3 laser induced breakdown spectroscopy
Laser-induced breakdown spectroscopy (LIBS) is an emerging technology that focuses laser energy on a sample in a short period of time, allowing the atom to release a characteristic spectrum, the LIBS spectrum. Therefore, this technique is very suitable for the qualitative and quantitative analysis of elements in meat products. Similar to other spectral analyses, applying chemometrics to extract valid information from complex spectra yields a characteristic spectrum of sample elemental composition.
Various spectral analysis techniques have been used for the identification of meat species. Some studies have revealed the importance of spectral analysis techniques in correctly identifying meat varieties in meat products. However, there are still some technical limitations to these methods. To provide a powerful solution for the meat industry, these technologies should be applied in combination with all the constraints and process variables.
In recent years, near-infrared analysis technology has become more and more widely used in the meat industry as a new detection technology.

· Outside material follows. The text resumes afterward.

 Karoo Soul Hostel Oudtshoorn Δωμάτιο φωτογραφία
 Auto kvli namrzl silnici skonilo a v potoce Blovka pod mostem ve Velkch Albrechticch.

It can replace detector tools that are time-consuming and expensive, and also endanger health or pollute the environment. Detection technology can also analyze the physical properties and sensory quality of meat. Through the spectral analysis technology, the meat industry can realize the rapid and non-destructive and on-line detection of meat. The application of near-spectral analysis technology in the meat industry will enable It is of great practical significance to improve the safety monitoring of the meat and meat products industry.